Lot n° 232

BERTRAND, Louis, dit Aloysius. Gaspard de la nuit. Fantaisies à la manière de Rembrandt et de Callot. Par Louis Bertrand. Précédé d’une notice par M. Sainte-Beuve. Paris, Angers, Imprimerie-librairie de V. Pavie, et Paris, chez Labitte, 1842.

Estimation : 6 000 / 8 000 €
Adjudication : 8 146 €
Description
In-8 (243 x 155 mm) de (2) ff., XXII pp., (1) f. blanc, 322 pp. mal chiffrées 324 : maroquin aubergine orné d’un décor à répétition de compartiments quadrilobés, chacun serti de deux filets dorés et d’un listel à froid, dos à nerfs, coupes filetées or, bordures intérieures décorées, doublures et gardes de soie violette, couvertures imprimées conservées, tranches dorées sur témoins (Huser).

ÉDITION ORIGINALE tirée à 200 exemplaires : préface de Sainte-Beuve.
“Un des beaux échecs dont les annales de la librairie fassent mention”, déplore l’éditeur Victor Pavie en 1857 ; ne furent écoulés que vingt exemplaires, “tant donnés que vendus” (lettre de David d’Angers à Saint-Beuve).

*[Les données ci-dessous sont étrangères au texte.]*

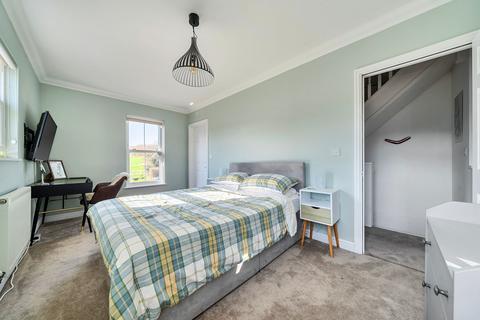 4 bedroom semi-detached house for sale, Benson Way, Rye TN31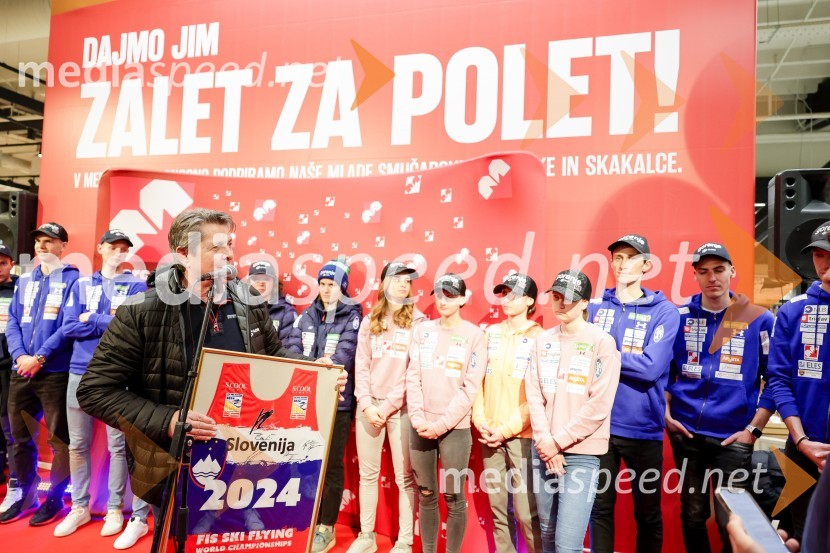  Borut Meh, predsednik smučarskih skokov in nordijske kombinacijeSprejem skakalk in skakalcev v Mercator centru Kranj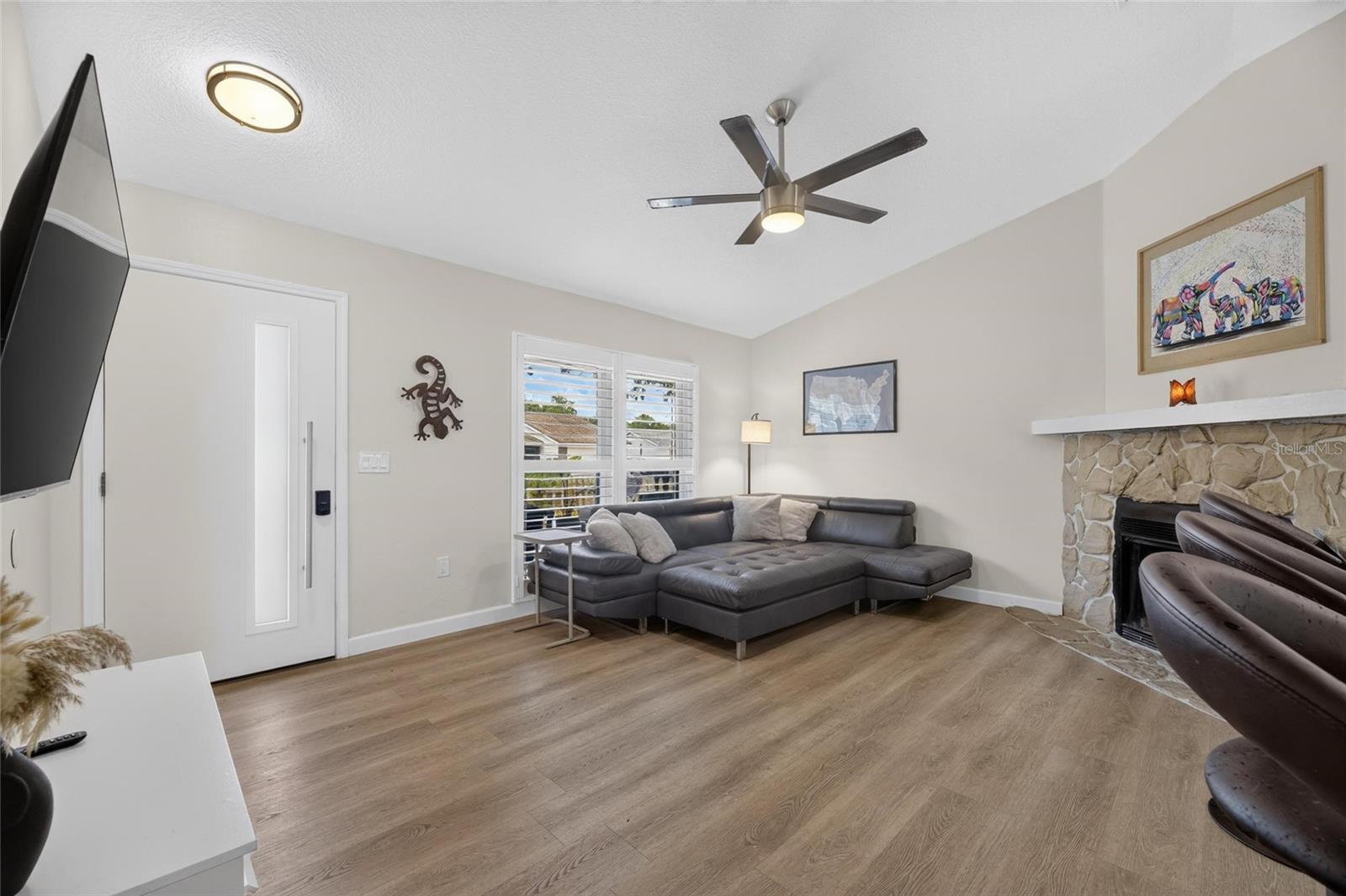 LAKEVIEW VILLAGE SEC C UNI - Residential Lease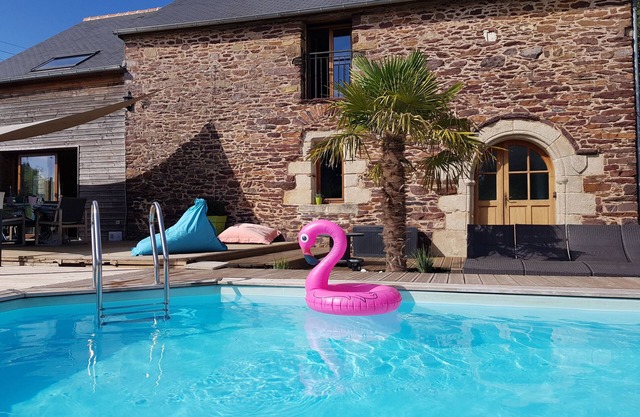 Villa Avec Piscine Privée Très Proche de la Forêt de Brocéliande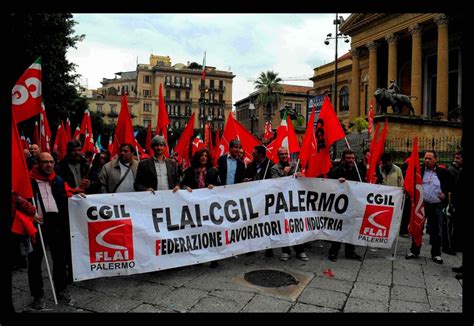 Sciopero Generale A Palermo Il Corteo Dei Sindacati La Repubblica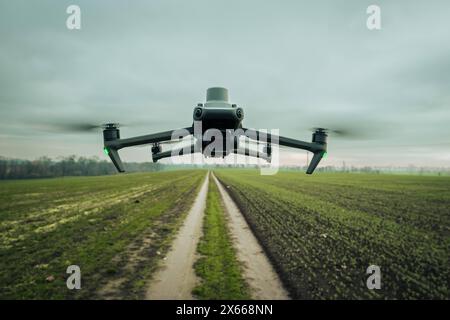 Luftaufnahme einer Drohne, die über den Feldern der Farm moderiert, überwacht, analysiert die Gesundheit der Pflanzen. Landwirtschaftliche Drohne in der modernen Landwirtschaft. Stockfoto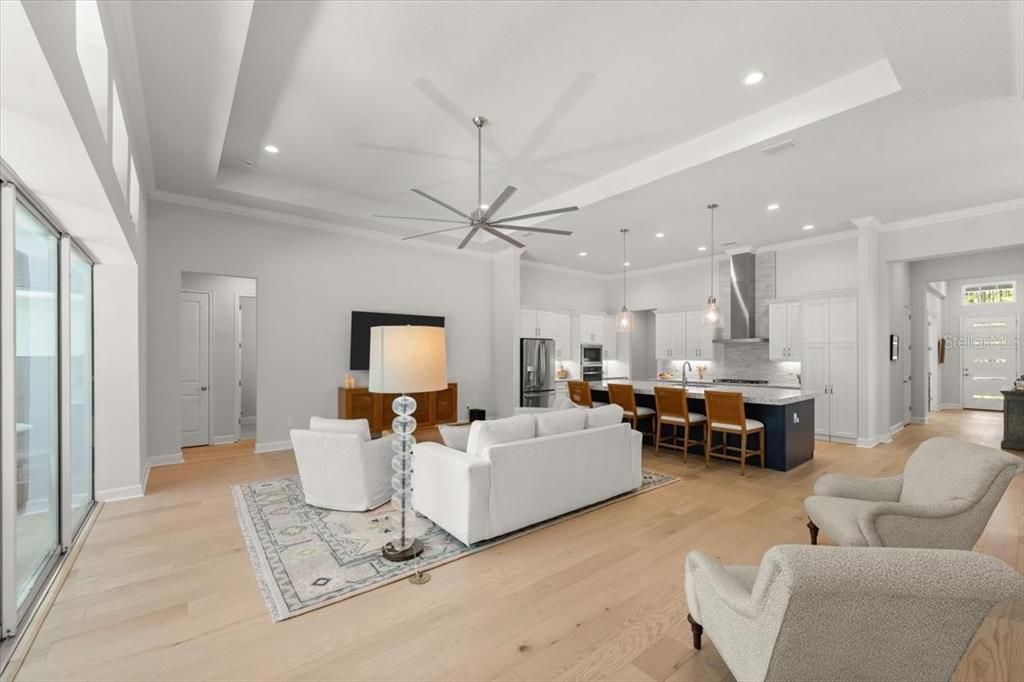 For Sale: $887,500 (4 beds, 3 baths, 2568 Square Feet)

Important et fameux recueil de poèmes en prose publié un an après la mort de l’auteur par ses amis.

Né en Italie au hasard de l’affectation de son père, officier de gendarmerie, Aloysius Bertrand (1807-1841) mourut à 34 ans de phtisie à Paris, au terme d’une vie misérable consacrée à la rédaction de son unique recueil poétique. “Il passa presque toute sa vie, il usa sa jeunesse à ciseler en riche matière mille petites coupes d’une délicatesse infinie et d’une invention minutieuse, pour y verser ce que nos bons aïeux buvaient à même la gourde ou dans le creux de la main”, dit Sainte-Beuve.
La vie de bohème eut raison de la volonté de ce “poète maudit” avant l’heure. Son ami le sculpteur David d’Angers, qui l’avait veillé et soutenu des années durant, assista seul à son enterrement.
Bertrand fut, selon le mot de Sainte-Beuve, un de ces “grands généraux tués sous-lieutenants”.

Sa postérité littéraire et musicale est capitale.

Baudelaire, d’abord, reconnut sa dette en préface au Spleen de Paris : “C’est en feuilletant, pour la vingtième fois au moins, le fameux Gaspard de la Nuit d’Aloysius Bertrand […] que l’idée m’est venue de tenter quelque chose d’analogue, et d’appliquer à la description de la vie moderne, ou plutôt d’une vie moderne et plus abstraite, le procédé qu’il avait appliqué à la peinture de la vie ancienne, si étrangement pittoresque.”
Plus tard, Maurice Ravel adapta trois poèmes, sous le titre général de Gaspard de la nuit, et Stéphane Mallarmé de confesser : “J’ai, comme tous les poètes de notre jeune génération, mes amis, un culte profond pour l’oeuvre exquis de Louis Bertrand.” André Breton et les surréalistes, enfin, saluèrent en lui un de leurs devanciers.
Exemplaire irréprochable, à toutes marges, complet des fragiles couvertures
imprimées.

Il est revêtu d’une belle reliure décorée de Huser.
Des bibliothèques Georges Heilbrun et Charles Hayoit (cat. II, 2001, n° 206), avec ex-libris.